START Material shown

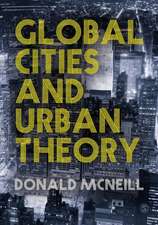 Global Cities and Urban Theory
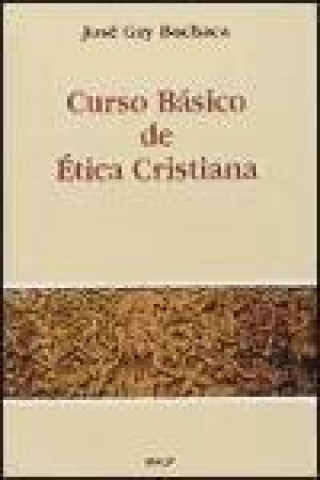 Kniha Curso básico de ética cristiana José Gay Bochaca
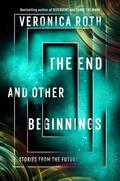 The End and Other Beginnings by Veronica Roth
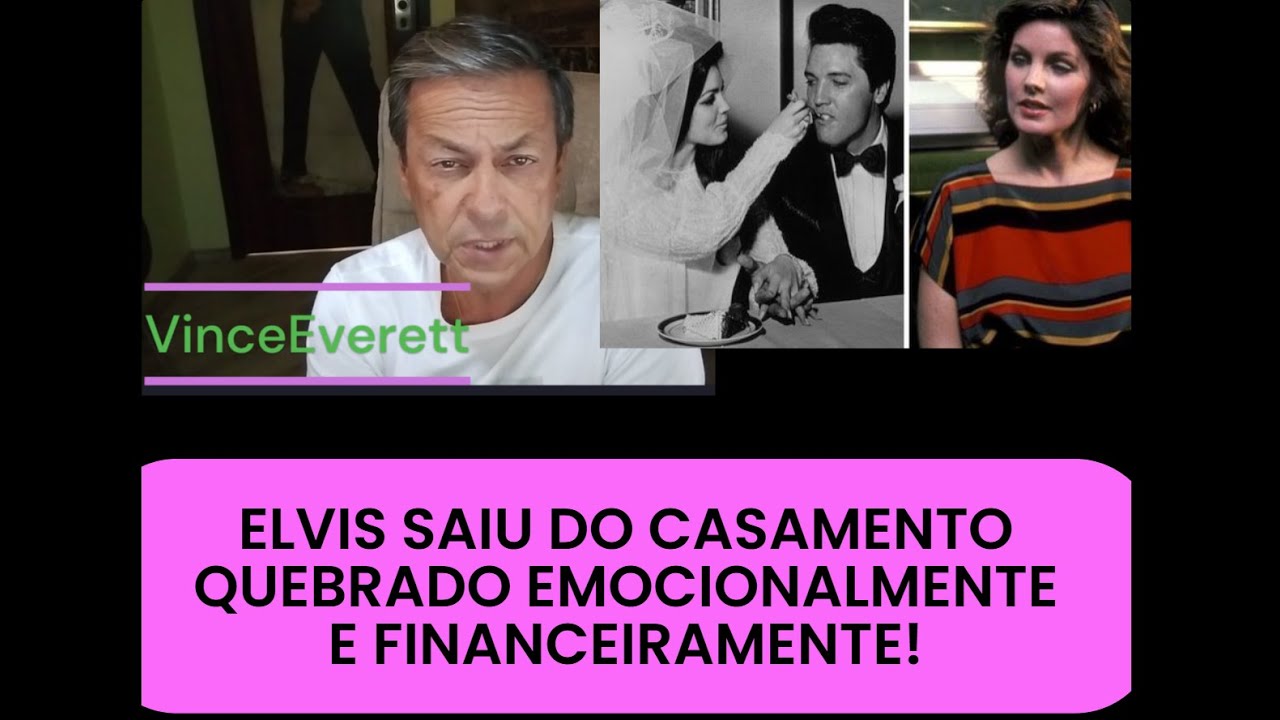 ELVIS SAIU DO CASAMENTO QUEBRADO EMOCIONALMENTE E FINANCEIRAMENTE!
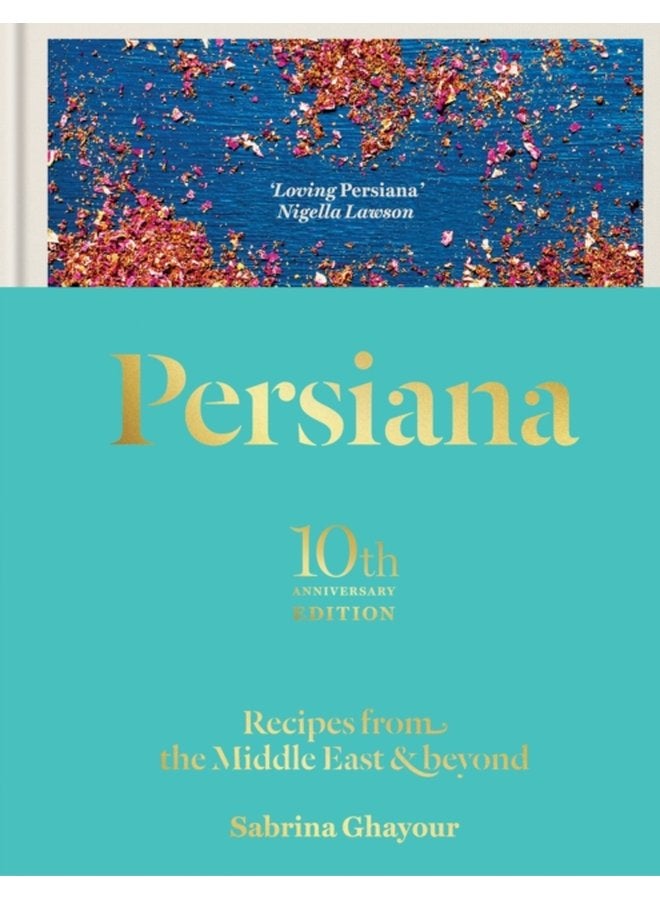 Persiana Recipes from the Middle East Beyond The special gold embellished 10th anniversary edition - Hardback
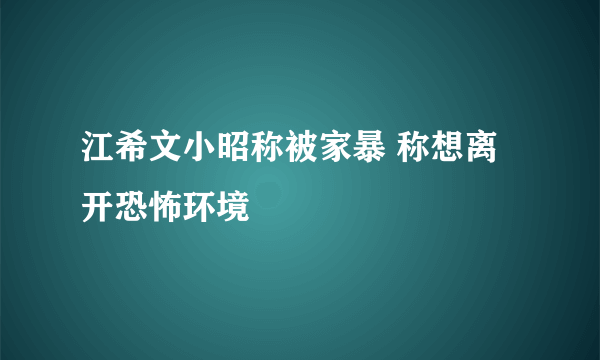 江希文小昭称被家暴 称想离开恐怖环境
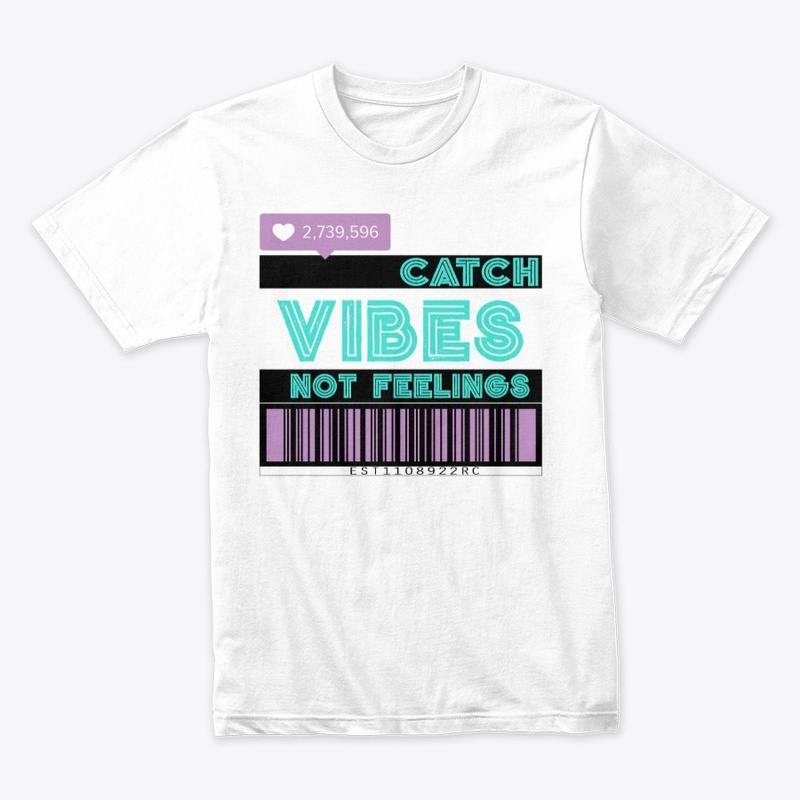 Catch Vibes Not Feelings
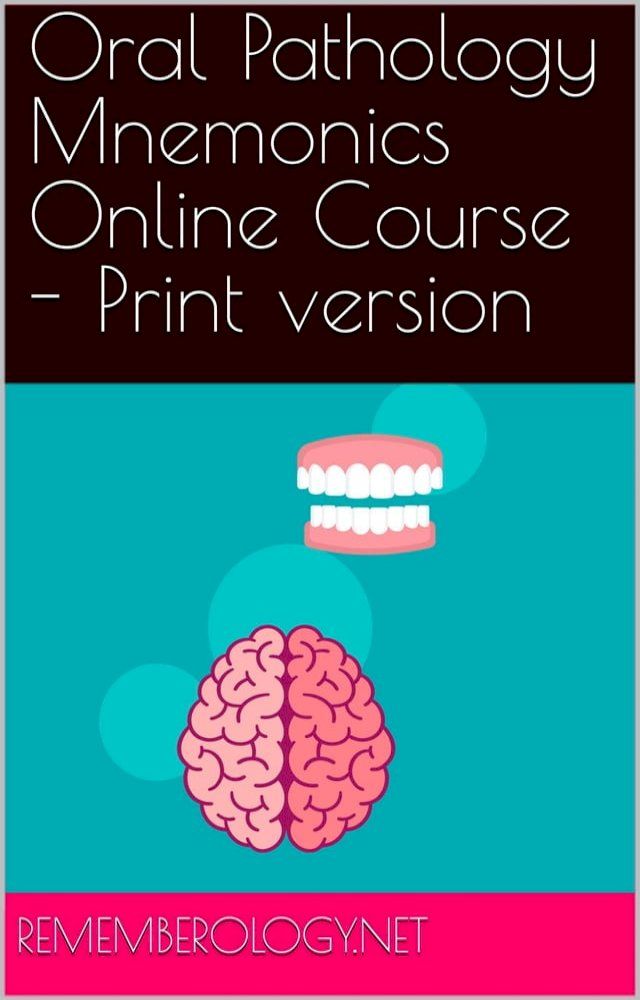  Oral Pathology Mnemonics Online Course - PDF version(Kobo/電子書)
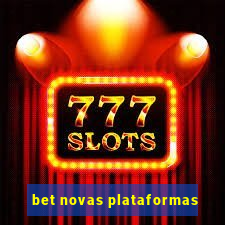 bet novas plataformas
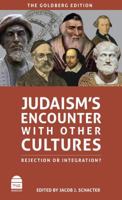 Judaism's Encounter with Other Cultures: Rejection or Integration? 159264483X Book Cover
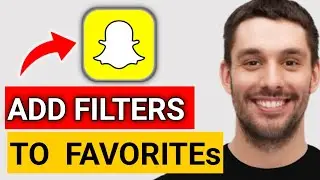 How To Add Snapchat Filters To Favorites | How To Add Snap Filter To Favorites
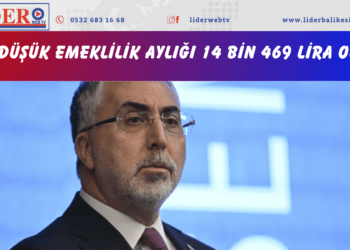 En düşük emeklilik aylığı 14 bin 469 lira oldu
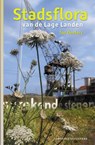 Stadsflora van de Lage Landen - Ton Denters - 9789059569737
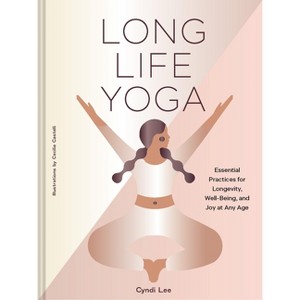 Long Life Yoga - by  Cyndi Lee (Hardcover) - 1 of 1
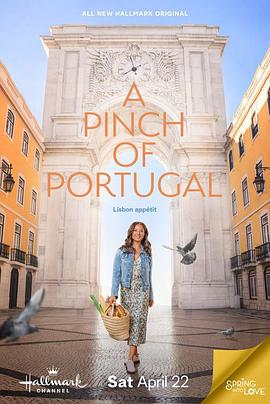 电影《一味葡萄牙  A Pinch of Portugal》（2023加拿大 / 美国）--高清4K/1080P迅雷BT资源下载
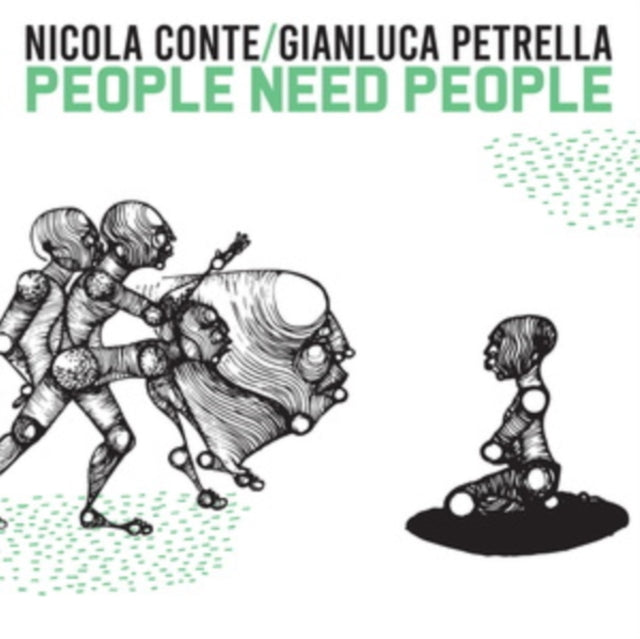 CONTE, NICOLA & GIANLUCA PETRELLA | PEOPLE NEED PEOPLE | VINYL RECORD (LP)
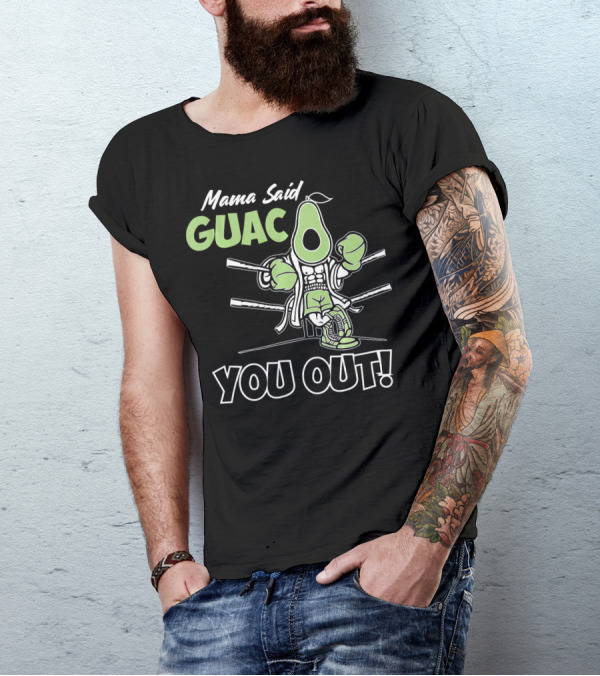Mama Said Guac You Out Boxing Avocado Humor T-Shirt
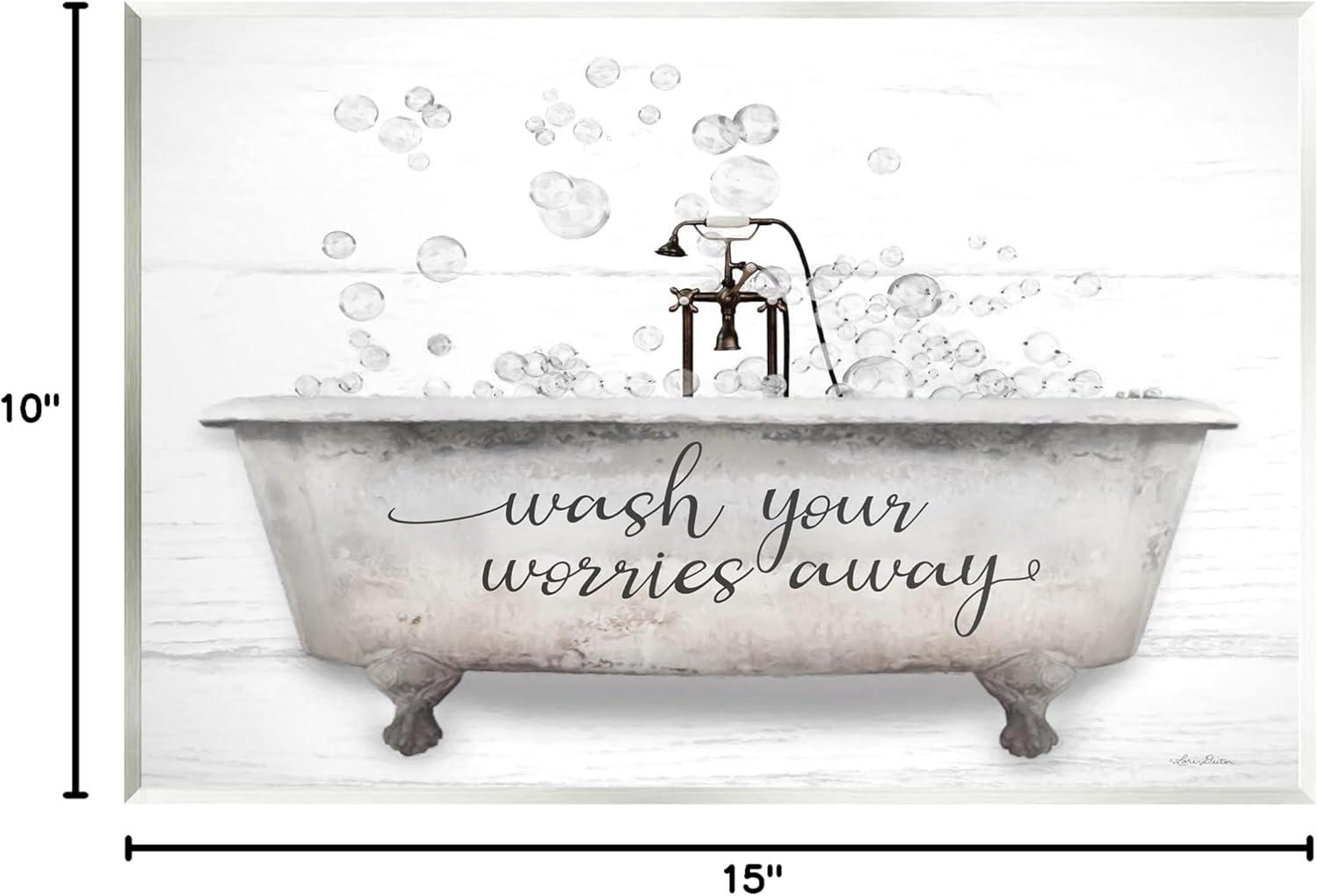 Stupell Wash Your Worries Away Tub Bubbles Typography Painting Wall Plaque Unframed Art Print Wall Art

END Material shown

* _Work instruction_:
Once the line containing "Stadsflora van de" is found, write it out exactly along with every line after it through the end of the listing, excluding pictures.

* _Finished task_:
 Stadsflora van de Lage Landen - Ton Denters - 9789059569737
 Long Life Yoga - by  Cyndi Lee (Hardcover) - 1 of 1
 电影《一味葡萄牙  A Pinch of Portugal》（2023加拿大 / 美国）--高清4K/1080P迅雷BT资源下载
 CONTE, NICOLA & GIANLUCA PETRELLA | PEOPLE NEED PEOPLE | VINYL RECORD (LP)
Mama Said Guac You Out Boxing Avocado Humor T-Shirt
 Stupell Wash Your Worries Away Tub Bubbles Typography Painting Wall Plaque Unframed Art Print Wall Art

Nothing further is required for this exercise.